Work to be completed. Once you find the line below that has "black Telescopic PVM", output it and every line after it exactly, stopping after the line that has "SCHMETTERLINGS HALFTER EINTEILIGES", with no pictures.

Extracted records.
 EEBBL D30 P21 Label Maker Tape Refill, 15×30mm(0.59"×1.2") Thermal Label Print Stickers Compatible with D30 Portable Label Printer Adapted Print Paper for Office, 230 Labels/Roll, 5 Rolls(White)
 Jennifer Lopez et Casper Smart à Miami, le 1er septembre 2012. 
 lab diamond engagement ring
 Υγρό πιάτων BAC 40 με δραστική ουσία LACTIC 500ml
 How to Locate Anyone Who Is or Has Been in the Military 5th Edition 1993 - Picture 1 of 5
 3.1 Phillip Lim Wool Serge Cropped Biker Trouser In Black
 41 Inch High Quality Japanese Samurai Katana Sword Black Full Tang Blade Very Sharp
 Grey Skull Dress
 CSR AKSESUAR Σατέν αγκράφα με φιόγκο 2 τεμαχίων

---

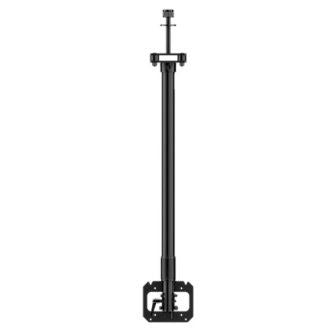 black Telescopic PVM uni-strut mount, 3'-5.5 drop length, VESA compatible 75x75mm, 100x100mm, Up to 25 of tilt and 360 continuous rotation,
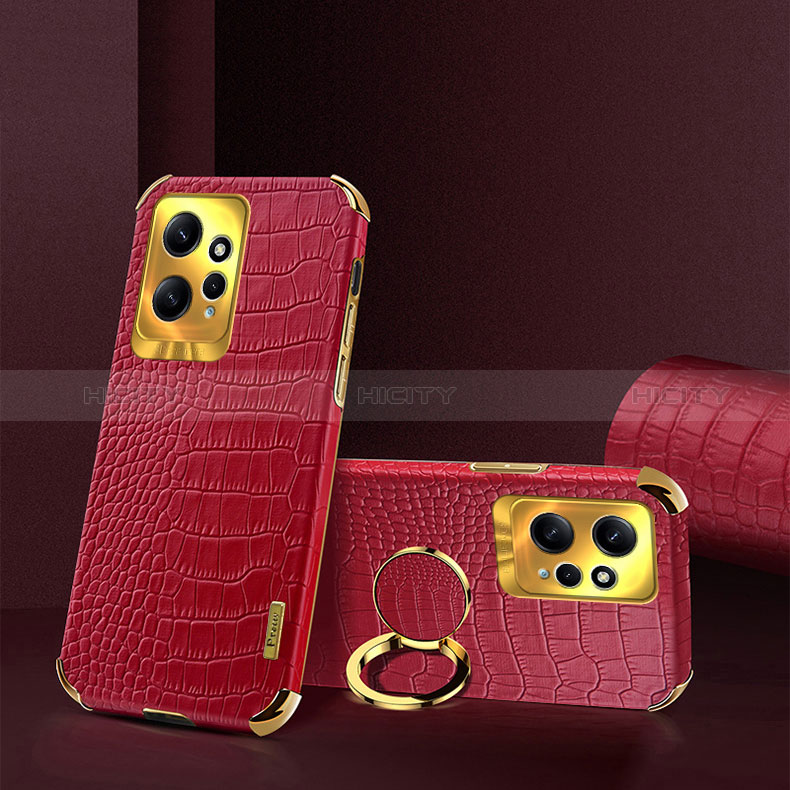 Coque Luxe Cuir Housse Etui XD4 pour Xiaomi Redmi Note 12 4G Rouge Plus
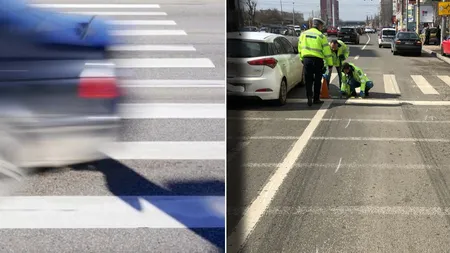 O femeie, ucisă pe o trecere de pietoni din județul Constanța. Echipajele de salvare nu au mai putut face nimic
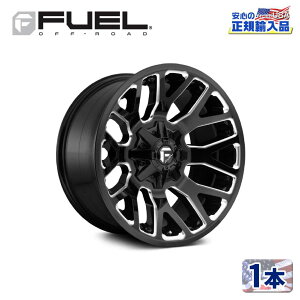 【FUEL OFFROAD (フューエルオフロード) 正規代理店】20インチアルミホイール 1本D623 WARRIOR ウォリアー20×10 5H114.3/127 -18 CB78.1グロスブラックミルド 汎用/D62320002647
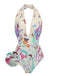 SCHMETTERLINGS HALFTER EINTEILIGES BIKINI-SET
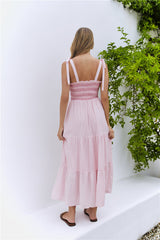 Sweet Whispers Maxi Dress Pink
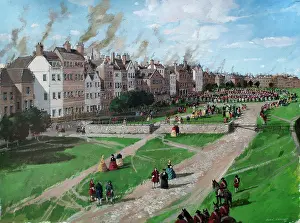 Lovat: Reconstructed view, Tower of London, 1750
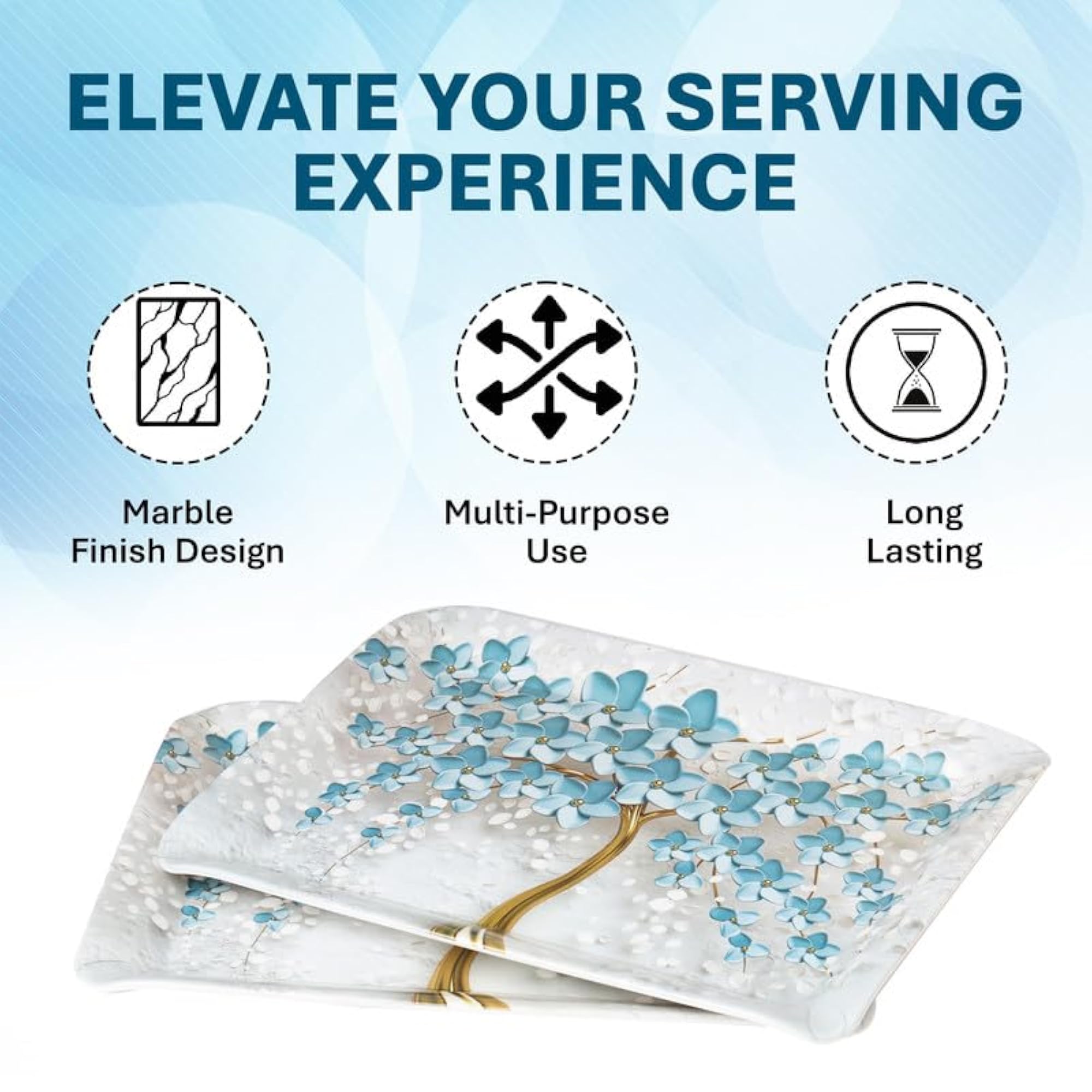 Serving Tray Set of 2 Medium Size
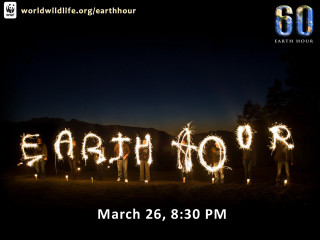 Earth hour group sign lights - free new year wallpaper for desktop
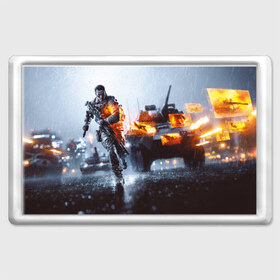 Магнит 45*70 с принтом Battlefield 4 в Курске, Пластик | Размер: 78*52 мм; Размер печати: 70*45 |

* * *

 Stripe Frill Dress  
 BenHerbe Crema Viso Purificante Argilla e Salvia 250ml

Answer box.
 black Telescopic PVM uni-strut mount, 3'-5.5 drop length, VESA compatible 75x75mm, 100x100mm, Up to 25 of tilt and 360 continuous rotation,
 Coque Luxe Cuir Housse Etui XD4 pour Xiaomi Redmi Note 12 4G Rouge Plus
 O femeie, ucisă pe o trecere de pietoni din județul Constanța. Echipajele de salvare nu au mai putut face nimic
 【FUEL OFFROAD (フューエルオフロード) 正規代理店】20インチアルミホイール 1本D623 WARRIOR ウォリアー20×10 5H114.3/127 -18 CB78.1グロスブラックミルド 汎用/D62320002647
 SCHMETTERLINGS HALFTER EINTEILIGES BIKINI-SET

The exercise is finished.